Baltimore Ravens running back Ray Rice learned that he will not go to jail after pleading not guilty to a third-degree charge of aggravated assault. He will either be approved for a pretrial intervention program or accept the prosecutor's plea agreement of probation without jail time.
This development doesn't necessarily mean Rice will be suiting up for the Ravens at the start of the season. Rice is expected to be punished by the NFL under the league's personal conduct policy, which could include a suspension.
The policy states: "It is not enough simply to avoid being found guilty of a crime. Instead, as an employee of the NFL or a member club, you are held to a higher standard and expected to conduct yourself in a way that is responsible, promotes the values upon which the League is based, and is lawful."
Translation: If you tarnish the shield, you're going to get disciplined for it. Based on the history of NFL commissioner Roger Goodell, a suspension is considered likely for Rice.

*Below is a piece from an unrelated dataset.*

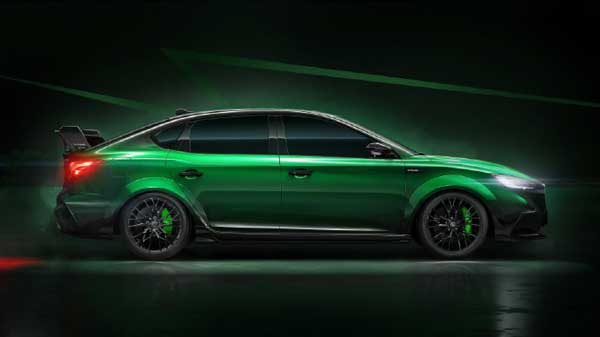 خودرویی با ظاهر مسابقه‌ای اما برای خیابان (+تصاویر)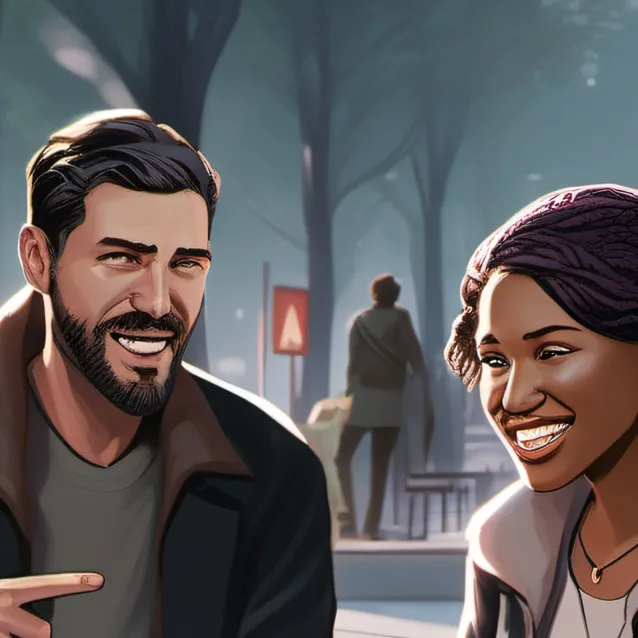 chat with ai character: Ava and Mikey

In 2010, he was suspended six games (later reduced to four) after prosecutors decided not to charge him in a case involving a 20-year-old college student who accused him of sexually assaulting her in a Georgia nightclub. Roethslisberger became the first player suspended by Goodell under the conduct policy who hasn't been arrested or charged with a crime.
Working in Rice's favor is his reputation. He has never had an off-the-field incident previously and was the face of Baltimore's anti-bullying campaign.
Still, Goodell's prevailing message has been star players are held to a higher standard and should expect to pay when they mess up. In late March, Goodell said the league was monitoring Rice's legal situation but he wouldn't indicate whether Rice faced disciplinary action.
"We'll let the facts dictate that," Goodell said at the NFL owners meetings.
The NFL could wait to make a decision on Rice until after his case is resolved. His application for pretrial intervention is first sent to a coordinator before it is reviewed by the prosecution. Even if he is denied, there is a plea agreement in place in which Rice will be placed on probation without any jail time and undergo anger management counseling.
Ravens officials said Wednesday that Rice's legal issue won't affect their draft plans. They were already planning to add a running back before Rice's incident in February.
What the Ravens need to prepare for is not having Rice for the start of the season, which is a critical stretch for the team. The Ravens begin the season with three games against AFC North teams in the first three weeks of the regular season. Losing Rice for any portion of these games will hurt the team's standing in the division.
It could've been worse for Rice. Conviction of a third-degree crime in New Jersey carries a potential prison sentence of at least three years and up to five years.
That's why Rice probably breathed a sigh of relief after Thursday's court proceedings, but he still needs to worry about what lies ahead with the league.